Skyridge High School students from The Ridge, the school’s video crew, recently went to New York City to compete in the All-American High School Film Festival (AAHSFF). They spent six days in the Big Apple creating films and participating in challenges, as well as watching student videos on the big screen and sightseeing. It was the ultimate field trip, with some taking home awards for their films.

The Ridge had three entries in the AAHSFF that were nominated for awards; Travel Video, Highlight Video, and the Public Service Announcement (PSA). Thousands of films from students all over the country are entered in the competition and only the top five are nominated. Beth Bagley and Maya Radmall, 2019 graduates of Skyridge High School, won Best in the Nation for their PSA, “Never Forget How to Love.” The one-and-a-half-minute film assures teens that it’s okay to feel sad and to be discouraged, if they reach out and ask for help. “Don’t lie when someone asks you how you are. Be real, be honest,” the voiceover encourages.
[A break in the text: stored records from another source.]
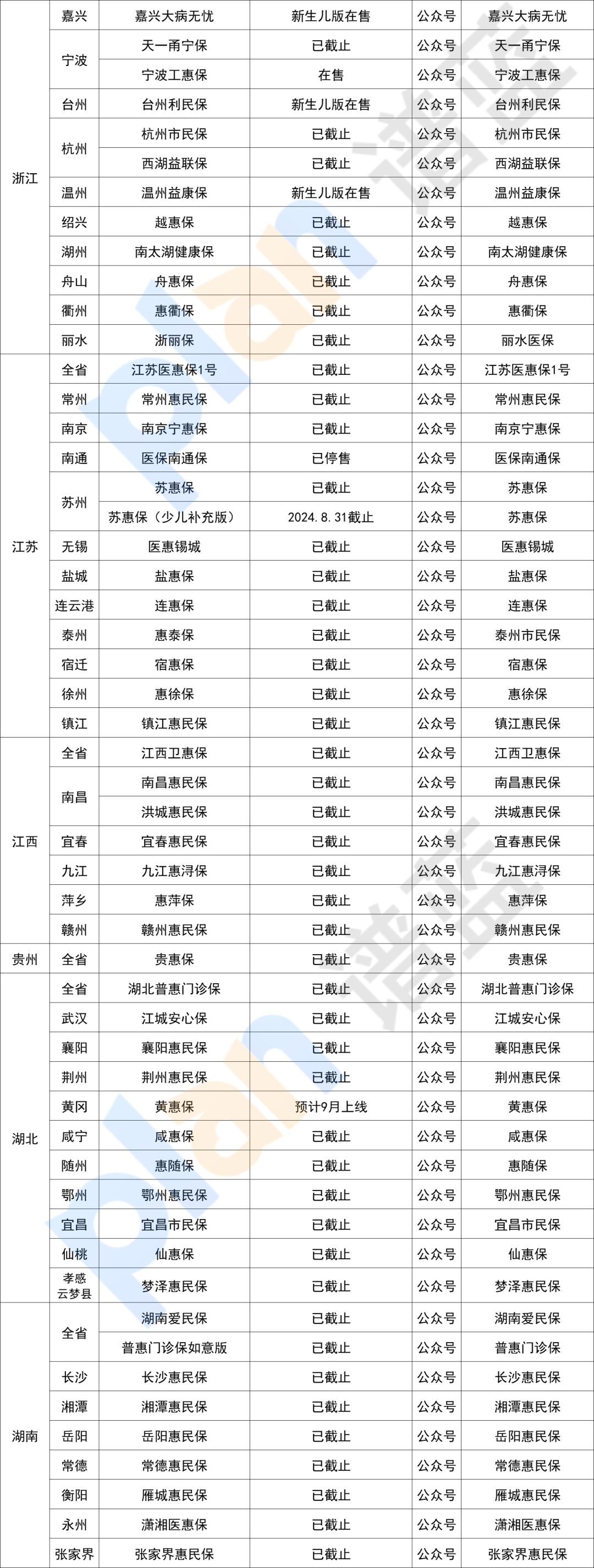 在售惠民保匯總！快看看有沒有你的城市~插圖4
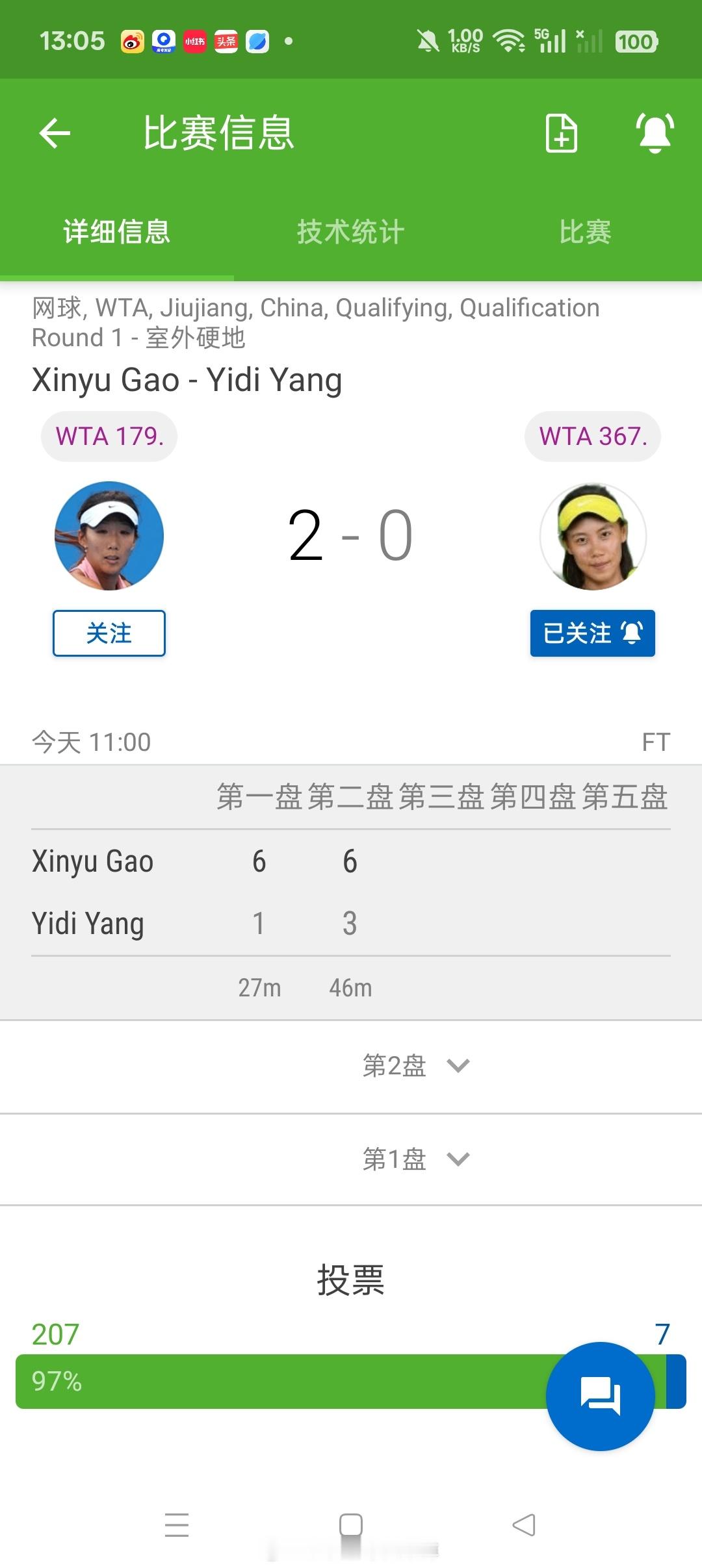 小花小草资讯[超话] 【🇨🇳WTA250九江】资格赛第一轮头号种子🇨🇳高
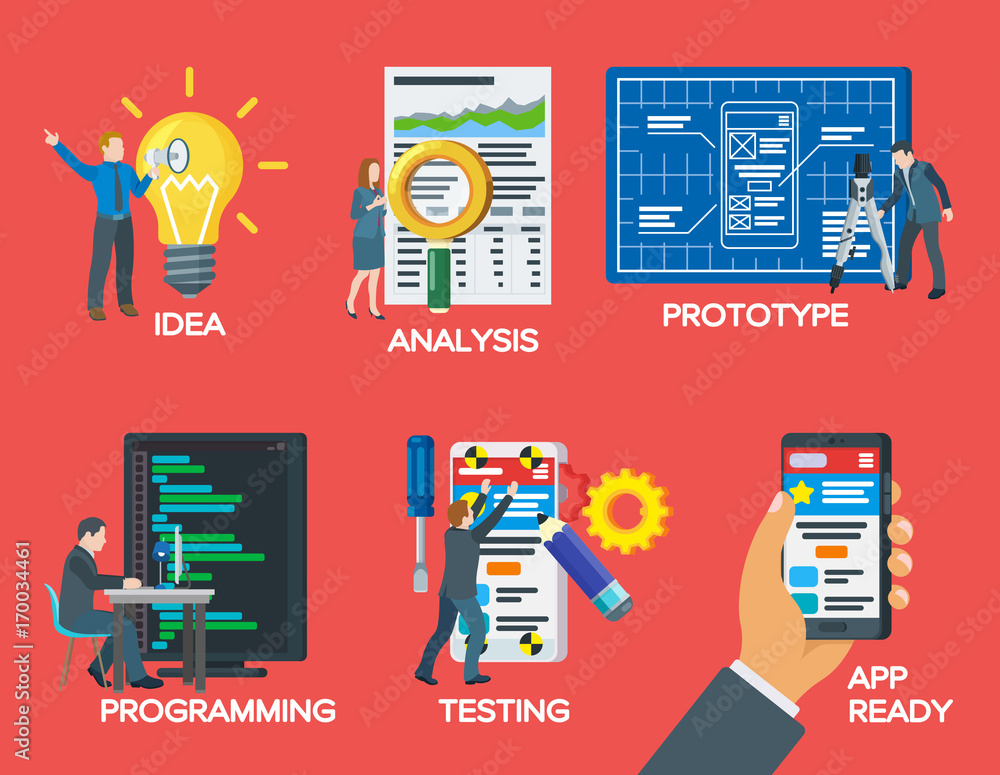 Poster modern illustration of business project startup process. mobile app development process. set of icon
Bagley and Radmall’s PSA was also nominated for a Spark Award at the festival, an award for films that “spark” conversation. “That film was the culmination of their year. They struggled all year long and made horrible videos in the beginning. Then they had this idea, but it was the last week of school and they didn’t think they had time. It ended up costing $50 to hand it in late, but I split the late fee with the girls so they could hand it in. I knew they were going to win when I saw it on the big screen at the festival,” said Zac Durrant, the TV Broadcast, Video Production, and advisor for The Ridge.

During the week-long festival, students were challenged to make and edit films in just two or three days, an eye-opening experience for most of the high school kids. “New York City is the perfect location to create content with other teenagers who love filmmaking. There’s so much culture and diversity there and the urban aesthetic is so cool. There’s such a range of things to film,” said Jacob Willford. “I love going to New York because we get to experience real-world filmmaking, it’s not just something we’re doing with the school,” said Audrey Anderson, a senior at SHS who has been to the festival the last three years.

“New York was such a cool experience. The chaos of making a film in two days and all of us being together was amazing,” said Allie Robinson. Robinson participated in a one-day editing challenging where she was alone in a room editing a film for eight hours straight. “It was a lot of fun, but it was stressful in the moment,” said Robinson.

“Although we didn’t win anything, it was an amazing experience. We saw people from all over the world and learned new techniques and tricks we’d never seen before. I felt right at home with them. It was just a great senior trip,” said Nathan Griffin, a senior at Skyridge. Griffin was on the team that competed in the two-day “Claustrophobic Challenge,” making and editing a film in two days. “It sounds super cliché, but that moment when a student gets it and they’re excited about what they’ve made, it makes everything worth it,” said Durrant.